The concept comes from Chapter 1 of the book NurtureShock: New Thinking About Children by Po Bronson and Ashley Merryman. It’s an excellent book for any parent. Each chapter tackles an issue that is bound to come up for most of us. Chapter 1 is entitled “The Inverse Power of Praise”. As parents, we are inclined to try to boost our kids’ self esteem and help them feel good about themselves. The problem is, we need to be mindful of what exactly we say and what the impact will be.
The research discussed in this chapter comes from Dr. Carol Dweck, who developed a project to study how kids respond to praise. She took students individually and administered a simple test for which she knew they would do well. After each child finished the test, they were given one single line of praise. Some of the children were told “You must be really smart at this” and the others were told “You must have worked really hard.”
Each child was then told they could choose their second test. They were told one choice would be harder but they would learn a lot by trying it, or they could take another easy one. Of the kids who were praised for working hard, 90 percent chose to give the harder test a try. Of the kids who were told they were smart, the majority chose to take the other easy one. It seems the kids who were told they were smart felt they needed to live up to that praise by ensuring another success. They didn’t want to take the risk of trying the hard one and failing. In contrast, the kids who were told they worked hard were up for the challenge.

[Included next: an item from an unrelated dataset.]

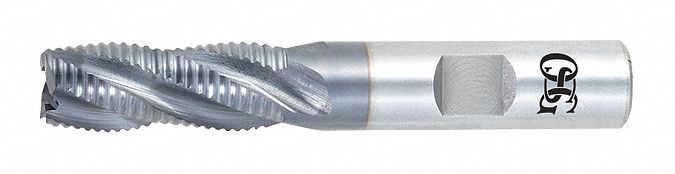 Roughing End Mill: Cobalt, TiAlN Coated, 3 Flute, Fine Pitch, 3/8" Mill Dia, 3/8" LOC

Dr. Dweck then gave all the kids a much harder test for their age. All of the kids had difficulty. However, the ones who were told they were hard workers lived up to that praise by giving it their all. They also indicated they enjoyed the challenge. The ones who were told they were smart indicated they were defeated and discouraged. Lastly, she gave a final test as easy as the first. The kids who were praised for working hard did 30% better on this final test, and the kids who were told they were smart did 20% worse.
If you’ve read this far, you probably get the point. Essentially, this comes down to praise for being, as opposed to praise for doing. When you praise a child for being, you’re locking them into something that they then need to continue to live up to. Any indication they can’t do so will cause distress. (As a side note, this is also why telling girls they are beautiful can be problematic). When you praise them for doing, you’re recognizing something they had a choice in: how much effort they gave. They can replicate effort no matter what the task is, and most likely they will be more successful as well. This same concept can be applied to other tasks, such as sports, art, and music.